There are two Vegas the bigger Vega 10 and the smaller Vega 11. The rumored Vega launching this year likely to be the smaller Vega 11 which competes with GTX 1080/1070. The big Vega 10 in reply to GP102 Titan X Pascal probably release on Q1 2017 at the earliest.
I don't think that AMD have been over-hyping any of their products. The 480 for example, was almost exactly what their official press releases described it as. The hype seems to come from people making outlandish claims from dubious benchmark and specification leaks. I can hope that Vega shows up in October (if only to shut up the whiners. So what if there are no competitors for high-end Pascal, it's not the end of the world so deal with it) But until I read Hilberts review, I will reserve judgment.
I'd find it strange if AMD itself didn't know if they can release a product already this october or only months later in '17. It makes little sense they would have been telling 2017 if they are releasing it already in a couple of months.

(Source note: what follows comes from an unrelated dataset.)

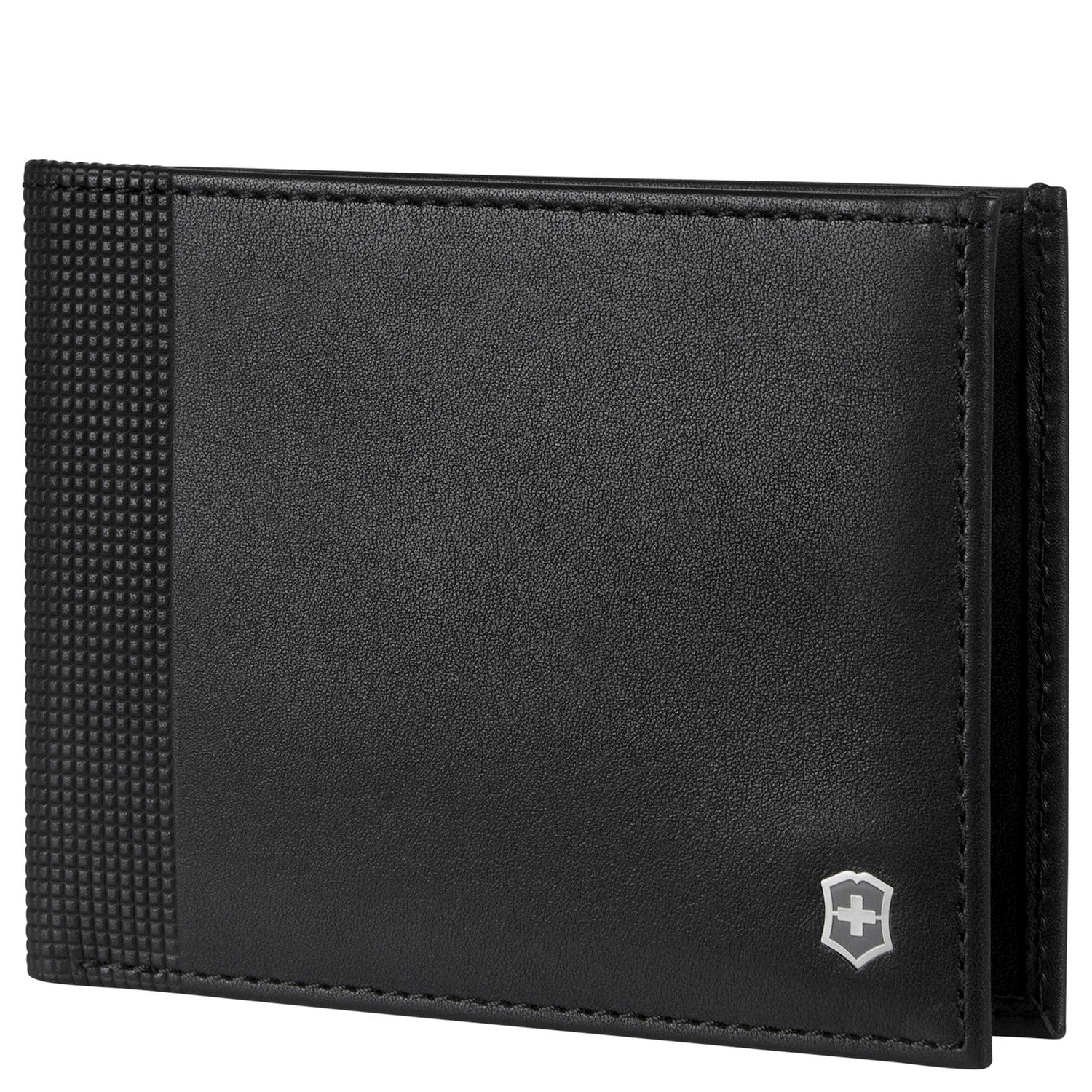 Victorinox Altius Alox Slim - Geldbörse 6cc 11 cm RFID (black) - Image 3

Some people who didn't want to wait no doubt went for 1070/1080, but they might have waited if it was only october.
That is exactly why i moved to nVidia this time around. Was waiting and waiting and waiting on AMD for something to replace by 2x OC R9 280x's, and a little bit more, and gave up. I'll see whats on the market from AMD this time next year, maybe they have a better product then. :3eyes:
I have to disagree slightly. AMD already have their own version of DSR called VSR which effectively does the same thing. AMD cards are showing strong results (currently at least) in DX12 and Vulkan API titles - I realise these are few and far between but the current GCN architecture does seem better suited for asynchronous compute tasks (with Ashes of the Singularity, Hitman and Doom providing some examples) and therefore potentially has better 'future proofing' if games adopt this approach more and more. I'd personally take that over Gameworks features, PhysX (which tends to be framerate sapping, niche and often poorly implemented) and additional features such as Ansel which I would never use myself. I think people have been burnt before with AMD products (and not just GPUs - look at Bulldozer on the CPU side for example) not meeting expectations and rather see why the finished product is actually capable of before jumping to conclusions. I too fell victim to the RX480 hype train that it'd be GTX 980 / Fury levels of performance for $200 even though AMD never stated it would be at that level. AMD did exactly what the set out to do (and said the high-end was coming later this time around). The only slight disappoint is that I expected it to use less power than it does (again, we need to remember it is still a big improvement over the previous generation) and the sheer lack of overclocking headroom, even on the 8-pin custom RX480 solutions was frustrating for me. Still, one can hope that it was a limitation of the Polaris architecture that held back potential overclocking headroom rather than an inherent trait of the Global Foundaries / Samsung 14nm process... Time will tell anyway - I'm more excited that they are quoting 'Vega' rather than a dual-GPU Polaris board which I would (will?) steer clear of personally - I've lost my faith in multiple GPU solutions at the moment (both SLI and Crossfire).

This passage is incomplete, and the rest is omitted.